Changelog

New features, improvements, and fixes shipped to InsForge.

Web Scraper Integration

InsForge now connects to Apify in one OAuth click. Open Web Scraper in the dashboard, click Connect Apify, and authorize your own Apify account. Once connected, your coding agent can pull external data on demand without you wiring up any keys.

Connect from the dashboard or the CLI:

bash
insforge webscraper apify connect

The Web Scraper page also shows a copyable prompt: paste it into Claude Code, Cursor, or any coding agent running the InsForge skill and it drives Apify through the insforge webscraper apify skill, with no manual apify login or API keys.

Backend Advisor on Self-Hosted

The Backend Advisor now ships in the open-source, self-hosted dashboard. It has been available on InsForge Cloud, and the same scan now runs on self-hosted projects too: it checks your database and backend for security, performance, and health problems and points you at the fix.
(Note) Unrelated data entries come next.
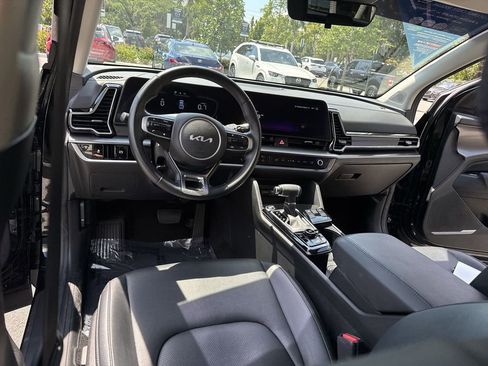 Used 2024 Kia Sportage EX image 36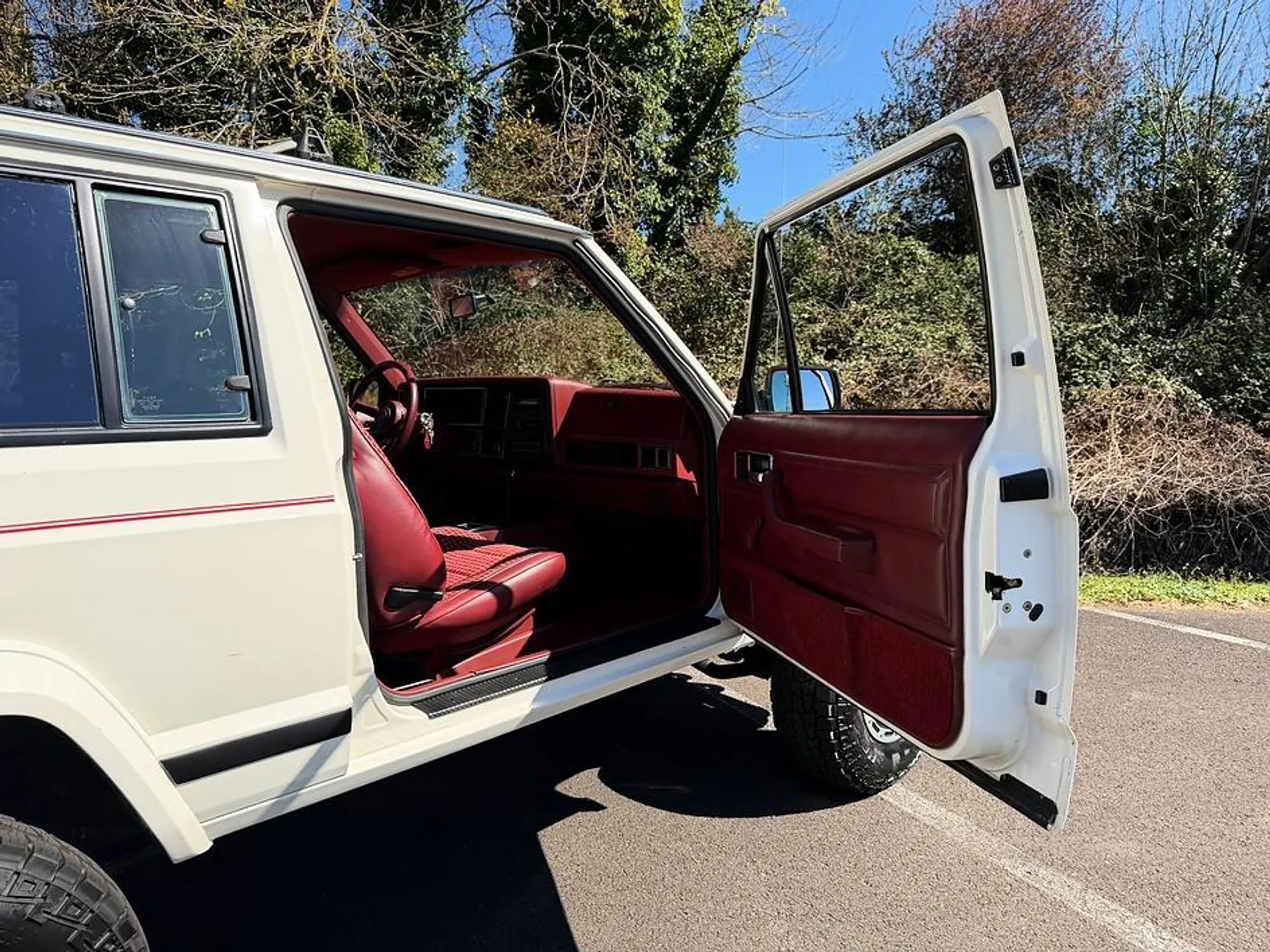 5.3L V8-Powered 1986 Jeep Cherokee Pioneer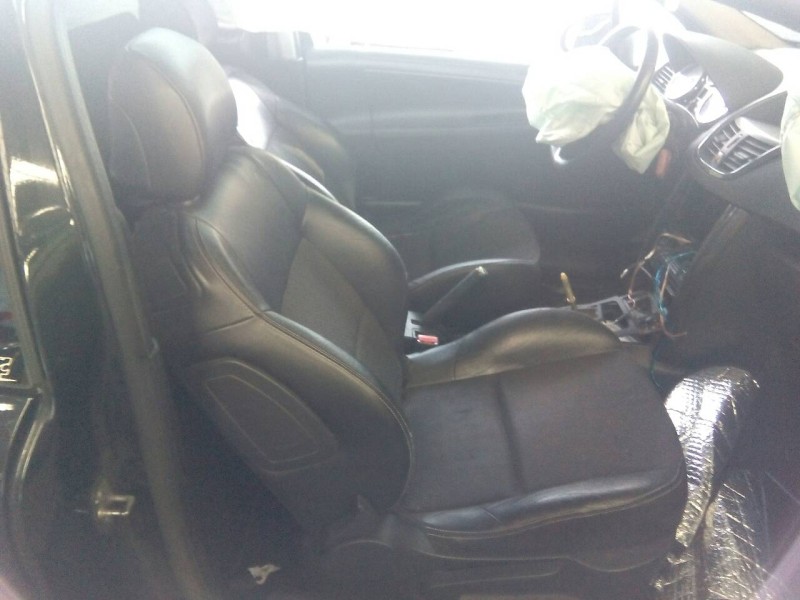 peugeot 207 del año 2006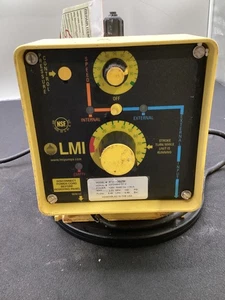 LMI B721-392SI CHEMICAL METERING PUMP 2.5GPH 100PSI 115V USED - Picture 1 of 3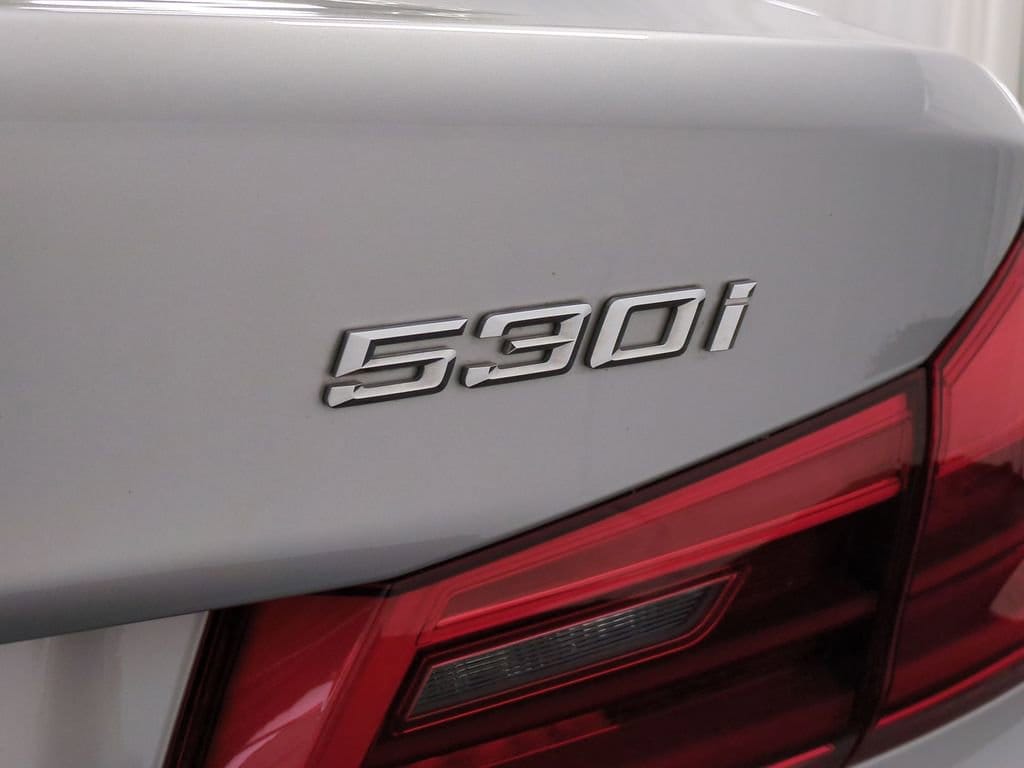 Thumbnail: 2018 BMW 5 Series - 15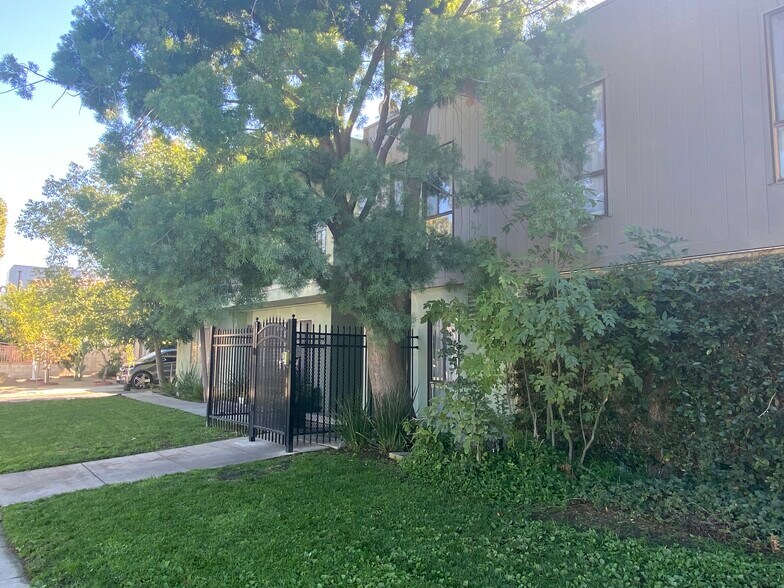 Primary Photo Of 10940 Hesby St, North Hollywood Apartments For Sale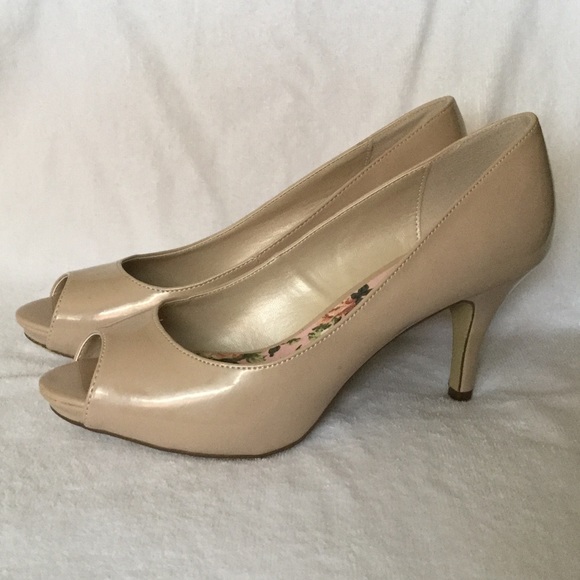 Lovely beige/cream peep toe 3" pumps! - Picture 1 of 7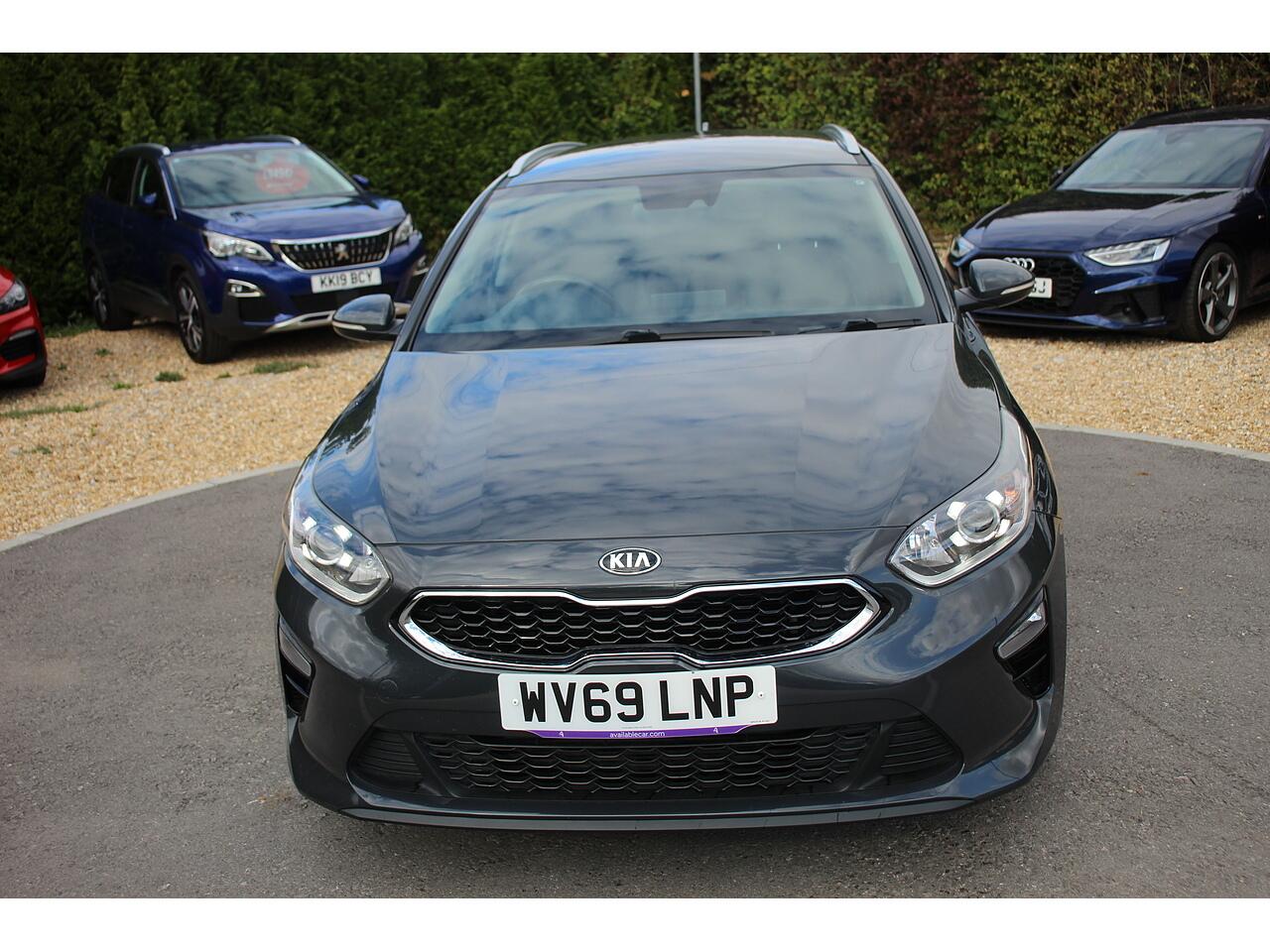 Kia Ceed view 3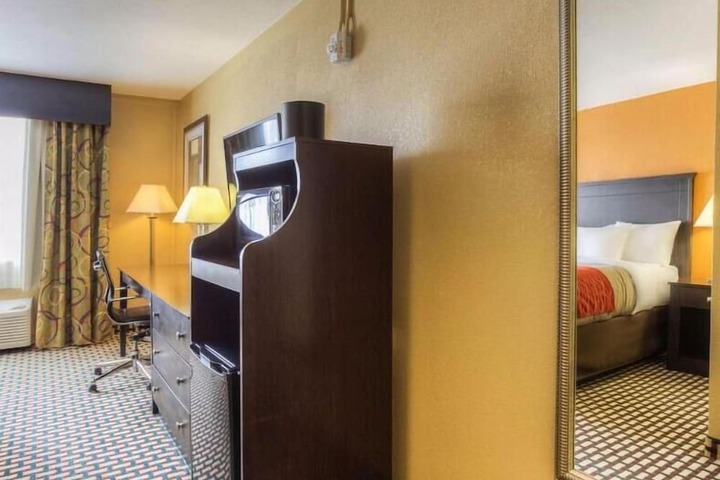 Room 10 of 31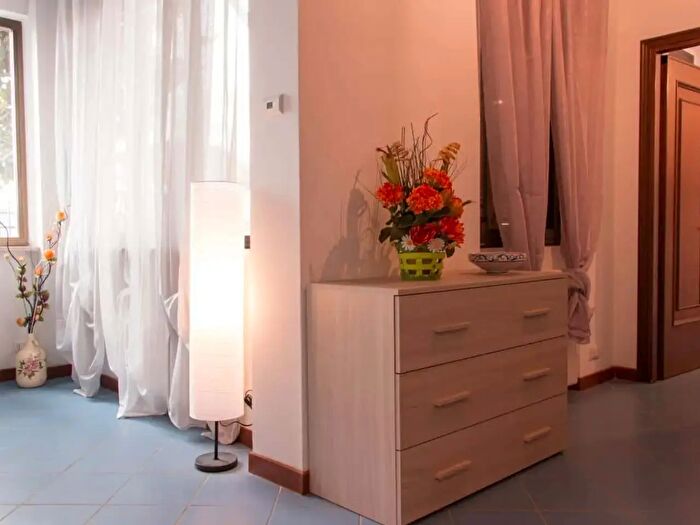 Appartamento monolocale in affitto in Via Porretta, Milano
Every finding comes with a copyable remediation prompt you can paste into any coding agent to apply the fix.

Custom Compute Usage

Custom Compute usage card and daily chart

The cloud dashboard now shows Custom Compute usage on the Usage page.

You can see how much Custom Compute your organization has used in the selected billing cycle, compare it with your plan, and review the trend alongside the rest of your usage.

Composite Key Fixes in the Dashboard

We fixed a set of database dashboard issues around tables that use multi-column keys.

Editing, deleting, and browsing records in these tables is now more reliable. Linked-record views and the schema visualizer also handle these relationships more consistently, especially when a table has several relationships pointing to the same place.

This should make the dashboard feel safer for teams with more advanced database schemas.

More CLI Commands

The InsForge CLI has a broader command surface for day-to-day project operations.

You can now manage more billing tasks from the terminal, including checking subscription status, viewing credits, reviewing billing cycles, opening the billing portal, and starting a plan upgrade.

The CLI also adds support for project transfers, deployment metadata, deployment slug management, and Apify data-source setup.

Project transfers include an extra confirmation step so they do not happen by accident. The Apify flow connects your project once, then lets local tools use the integration without asking you to paste a personal key into your app.

Developer-Created Schemas in the Data API

InsForge now supports developer-created database schemas in the Data API and dashboard workflows.

If your app separates data into multiple schemas, InsForge can now work with those schemas instead of assuming everything lives in the default one. Internal system schemas remain hidden, so custom schemas are available without exposing InsForge-managed internals.

Edge Functions Now Run on Deno Deploy v2

InsForge v2.2.2 moves edge functions from Deno Subhosting onto Deno Deploy v2. Deno is sunsetting Subhosting, and its v1 API shuts down on July 20, 2026.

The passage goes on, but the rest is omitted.